2. Redundant lookups. Multiple O(1) token lookups per packet, across millions of packets per second. Individually cheap, collectively wasteful. Fix: cache the lookup result in a local variable.
3. Missing publish latency. No way to measure how long the message publish operation itself took. If the publish hung, there'd be no evidence in the logs, the exact scenario we were investigating. Fix: added a pub_latency_ns field measured with a timer around the publish call.
4. Inconsistent timestamps. time.Now() called at different points without caching, leading to incorrect latency calculations between stages. Fix: proper timestamp caching at each stage.

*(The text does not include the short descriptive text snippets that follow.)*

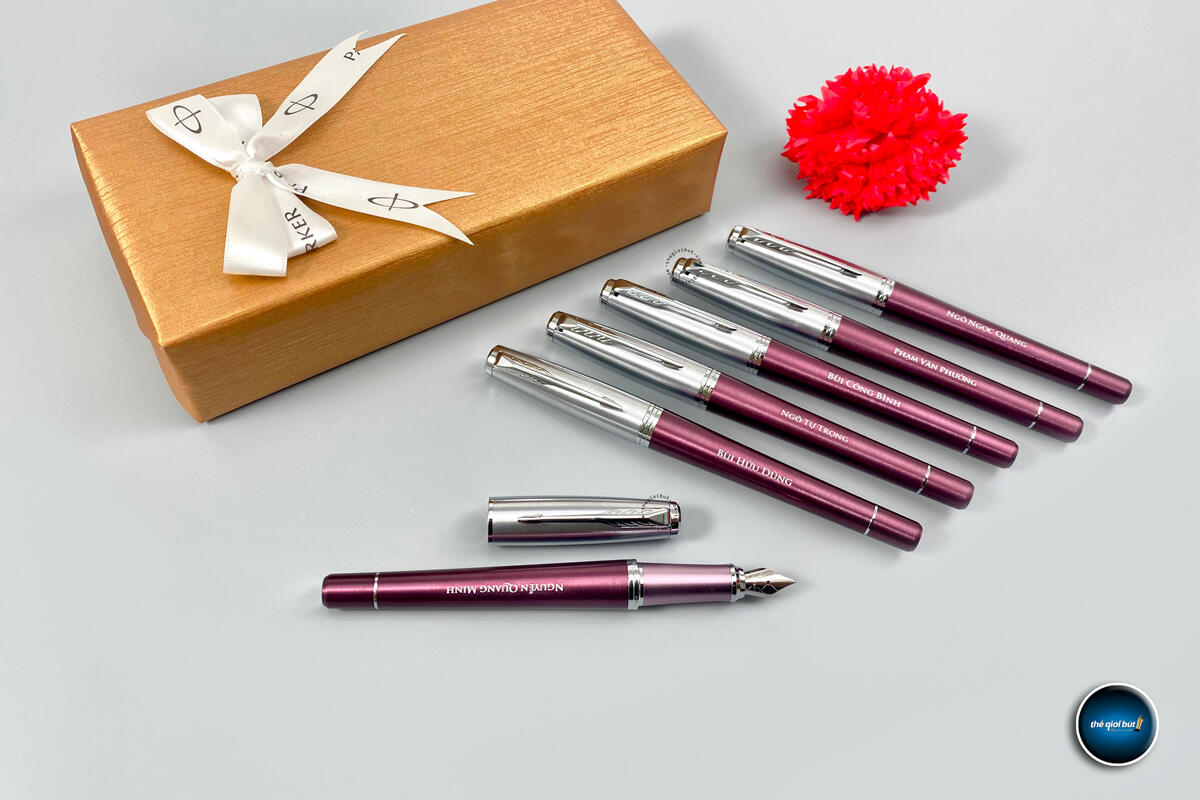 Bút máy Parker Urban Premium 2017 Dark Purple CT Fountain Pen 1931567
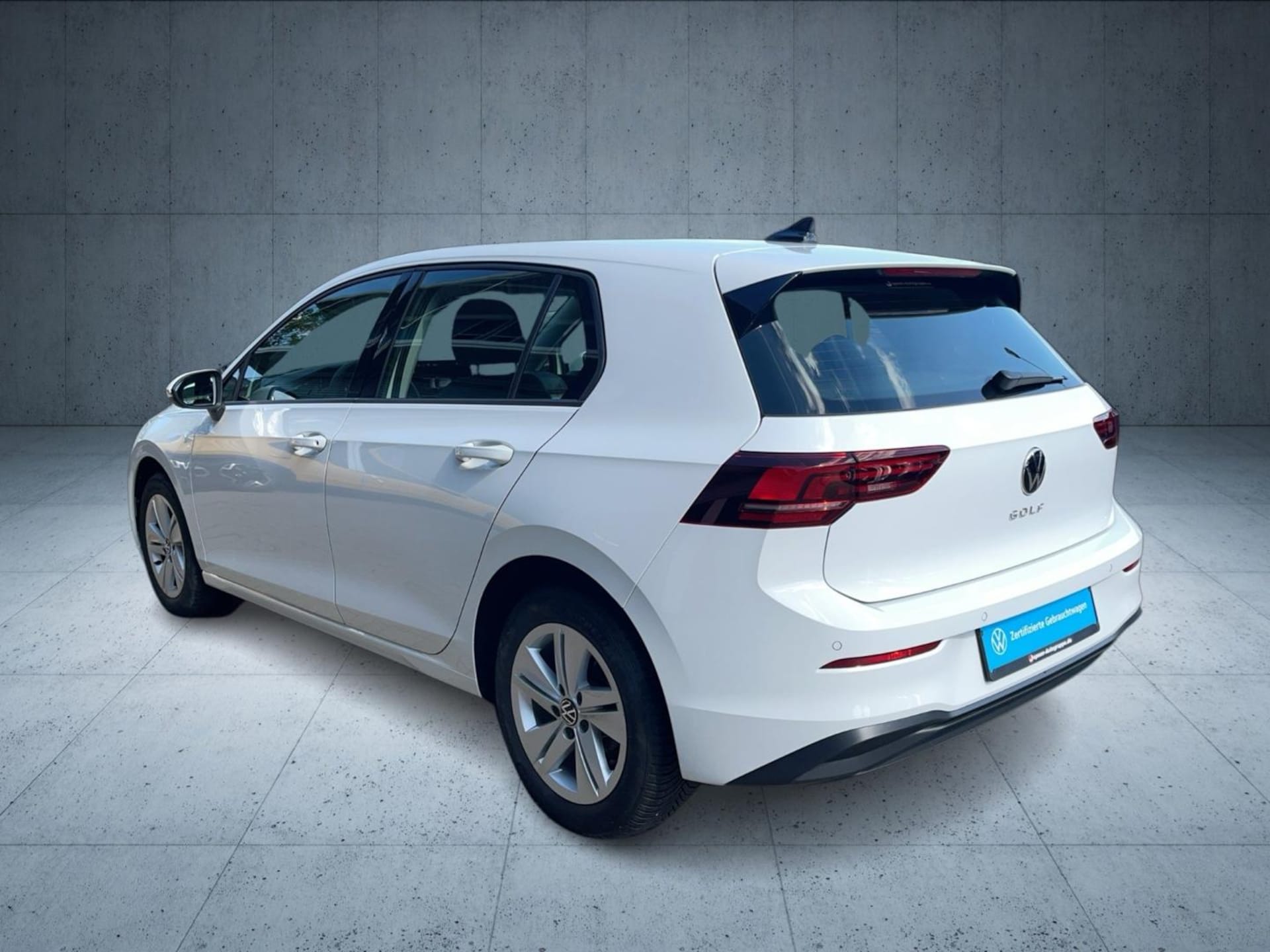 Volkswagen Golf Life
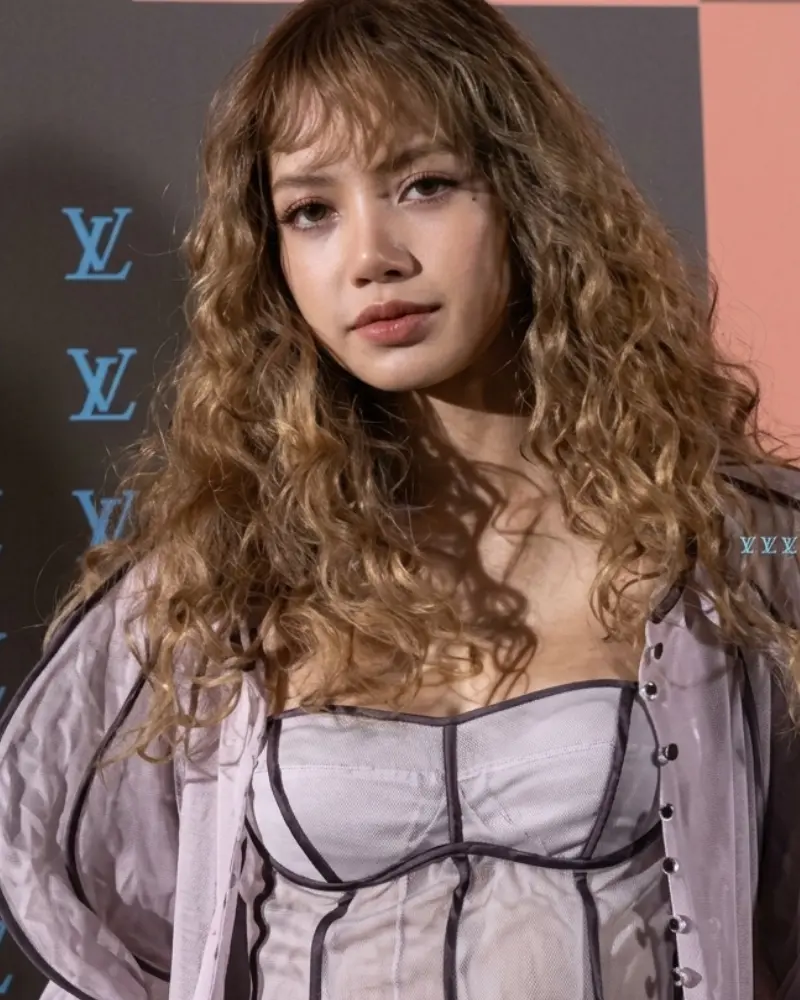 TYGO 2026 Movie Promo Lalisa Manobal Cotton Jacket - Image 4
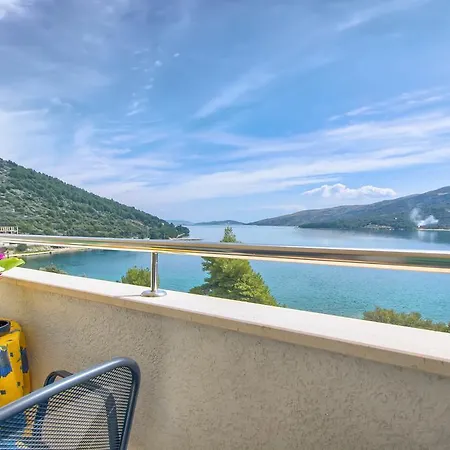 アパート Drago マリナ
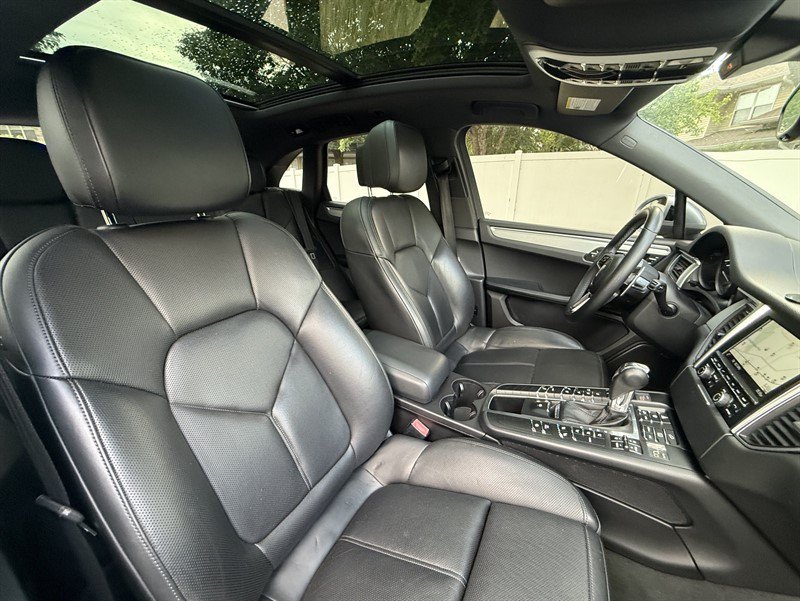 Used 2016 Porsche Macan S AWD/4WD image 16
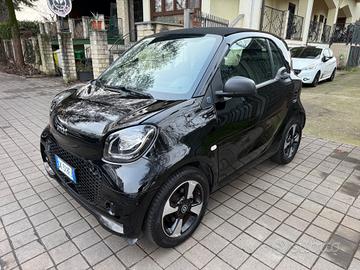 Smart ForTwo EQ Racingreen (22kW)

Issue #1 is the subtle one. Without the token caching fix, the debug logs would have shown inconsistent tokens in the broadcast path, the exact kind of bug that wastes hours of log analysis because the data looks almost right but doesn't quite add up.
Issue #3 is the ironic one. We were adding logging to diagnose a publish stall, and the first draft of the logging couldn't detect a publish stall.
All four issues were found during code review, fixed in place, and re-verified before committing.
The Numbers
The session ran 81 messages over 52 minutes, touching 12 files including a skill documentation update. Not a marathon. Not a demo. A normal Tuesday debugging session that happened to produce better code because the review loop was there.
What Made This Work
Skills loaded first. The service skill gave the agent context about the packet pipeline before it wrote any code. Without this, half the context window would have been spent rediscovering what the team already knew. See skills.
Scout explored, the main agent planned. The agent didn't read every source file. Scout mapped the pipeline, the main agent designed the logging format and analysis strategy. Context stays focused on high-level decisions. See model tiers.
Review gates caught real bugs. Not style nits. Not formatting complaints. Four bugs that would have undermined the entire debugging exercise. See the review loop.
Plan proportional to task. 100 lines, clear success criteria, a log format design, analysis instructions. The plan told you how to use the output, not just how to generate it.
The pattern is repeatable: prompt → scout explores → plan with success criteria → execute → review catches the subtle stuff. The individual components aren't magic. The value is in the composition, and the fact that each step runs inside the sandbox, with session history recorded automatically, and the review loop there whether you remember to invoke it or not.